The Lot Book Guarantee shows what the purchase price of the property was and any second mortgages or liens there might be on the property. The appraisal shows the current value of the property. When you subtract the original purchase price or the amount of money owed on the property from the current value of the property you determine the “equity” of the property. If the equity of the property exceeds 200% of the amount of bail a property owner can sign property as a promise that the client will make all future court appointments.

My client’s “angel” owned a 5 bedroom 3 bathroom home with the requisite equity to post a property bond for my client. My client was released by the court and ordered to participate in a residential treatment program called, Amicus House. He also participated in private individual counseling with my favored therapist, Ken Deaver. Mr. Deaver was formerly a probation office in Monterey County with much experience in the criminal justice system.

My client did well in Amicus House. He did not do great as I hoped he would. But, he did his assignments and graduated the program. He did benefit from the counseling with Ken Deaver. My client and his benefactor (angel) gave me a photo album’s worth of pictures of my client, who was a stand-out football player for Milpitas High School. He was so good, in fact, that he was recruited to Bellermine High School in San Jose, where he played for a year before returning to Milpitas High School.

After high school, he played college football for a year before getting injured and dropping out of college. It was while in college that he began using marijuana with his teammates, all of whom lived a Rastafarian life-style. Indeed, when I met my client he had very long dreadlocks. I could not resolve how my client could have mutated into a robbery client. This time it was Mr. Deaver who uncovered that my client’s biological father was killed (murdered) at the high school graduation party of his younger brother, (my client’s uncle) when my client was 3-years old.

My client’s mother remarried when my client was 6-years old. He had a step-brother close in age. But his step-father treated him unkindly, always favoring the step-brother and putting him down except when he excelled in football. My client’s mother never intervened on his behalf related to the inequities in how the boys were treated. My client’s football injury and his subsequent marijuana abuse tore down his relationship with his parents.

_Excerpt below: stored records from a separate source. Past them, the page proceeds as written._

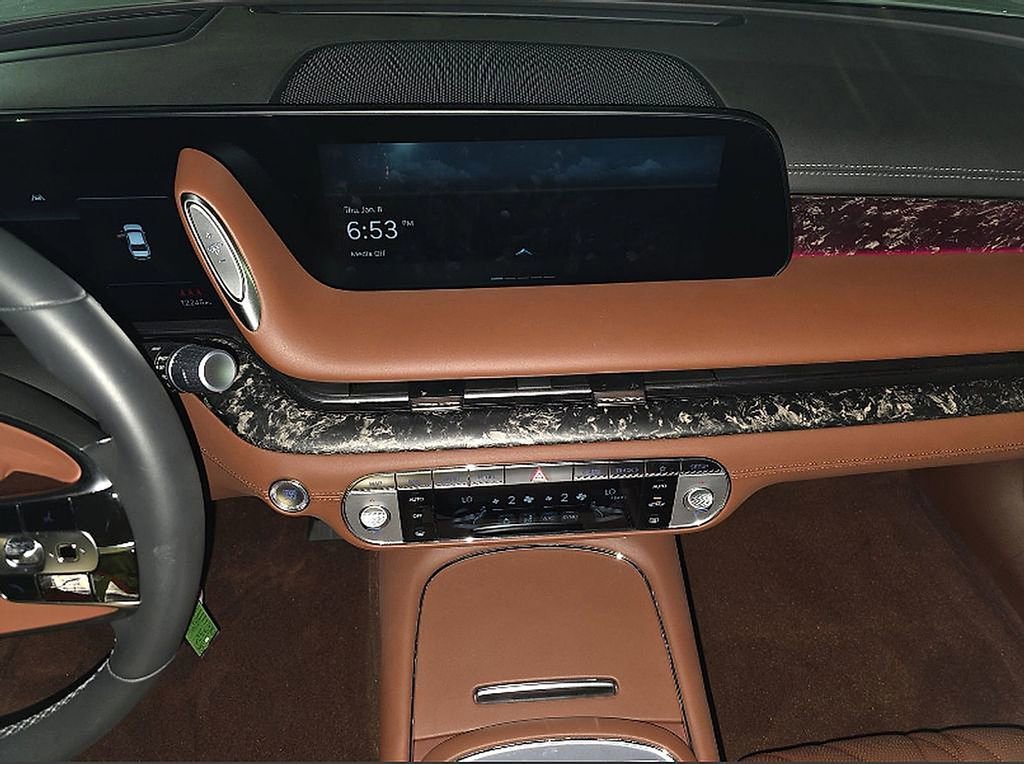 Used 2025 Genesis G90 3.5T image 8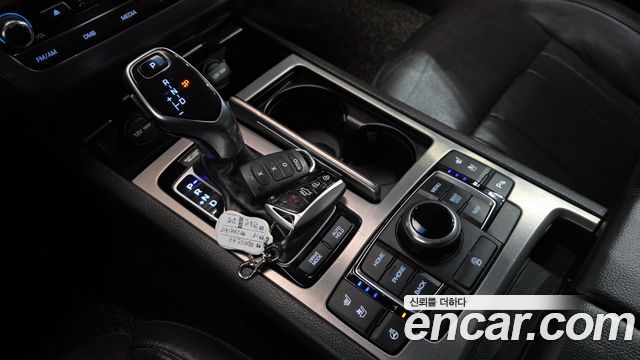Hyundai Genesis 2015 — photo 9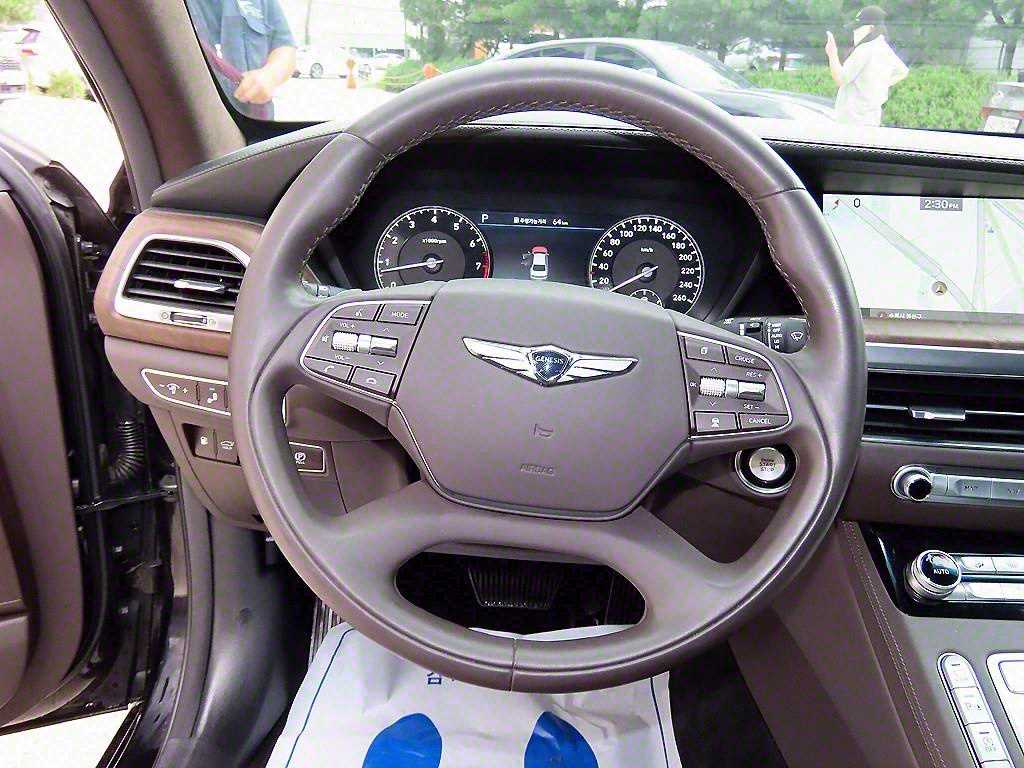 Genesis G90 - Vista 8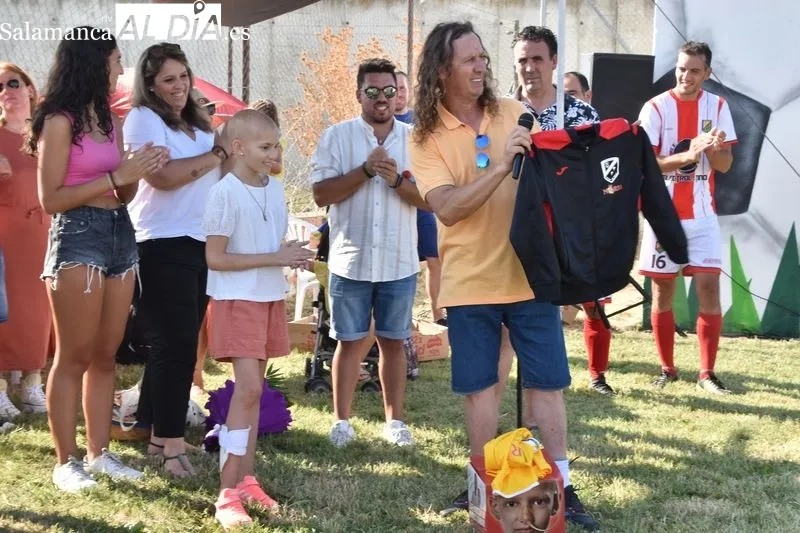 Imágenes del homenaje a María y a José Luis Haro en el I Trofeo M4RÍA 'la Princesa Guerrera Futbolera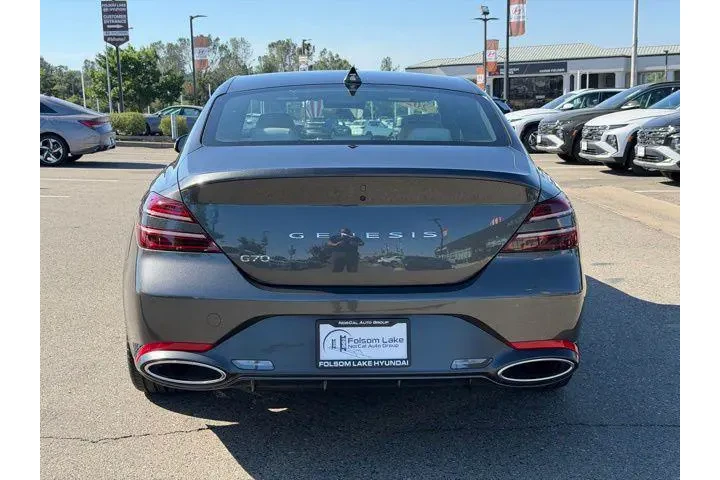 $33991 : Genesis G70 2025 2.5T Sport image 9
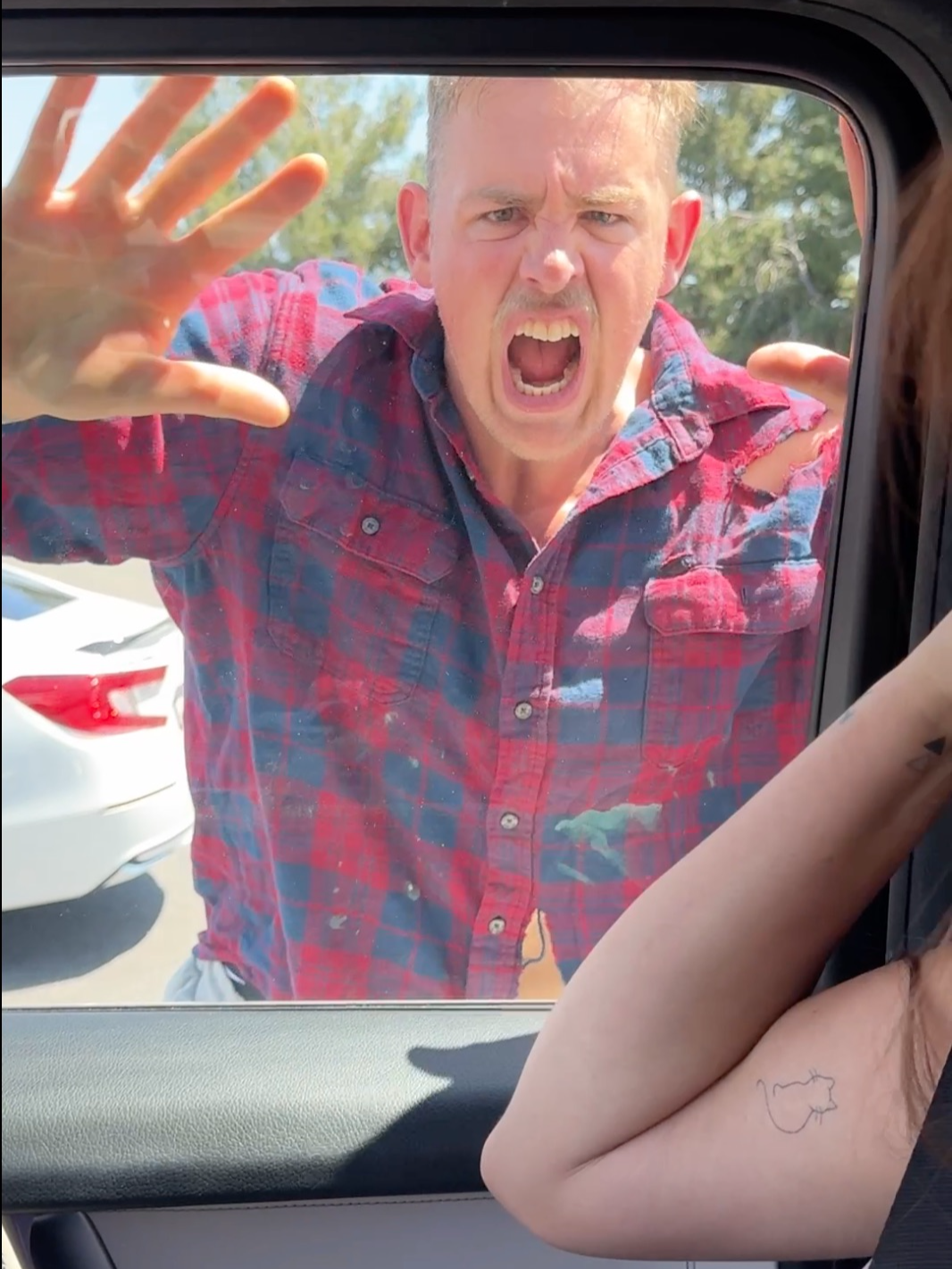 He just wanted to talk to her 😱 Homeless man follows pregnant woman to her car! #viralvideo #foryou #viralshort #viralshorts #shorts #viralpost #viralvideos #viralreels #fyppppppppppppppppppppppp #fyp #surprise #pregnancy #homeless #chase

Ken Deaver’s therapeutic report was amazing (as always) and was enough to convince a judge to take a risk on my client. The judge suspended 7-years of state prison and granted probation and gave him credit for time served of 78 actual days with good time work time and additional credit for the time he was in residential drug treatment.

On a side note: The co-defendant driver of the “get-away” vehicle was ready to plead no contest to at least 2 of the robberies for a 3-year state prison deal. When his attorney found out that I was hoping for a suspended state prison sentence and a grant of probation, he continued the case to trail my client’s case to wait for the outcome. Co-defendant’s attorney thought his client was less culpable than my client, who actually entered both stores. Both clients were granted probation and the co-defendant’s parents thanked my client and me for the work my client had done that clearly benefitted their son.

My client is fully employed. He is now married and he and his lovely wife have a little girl. He will soon successfully complete probation. He has reconciled with his parents. His guardian angel has maintained contact with me and with my office and “believes in miracles.”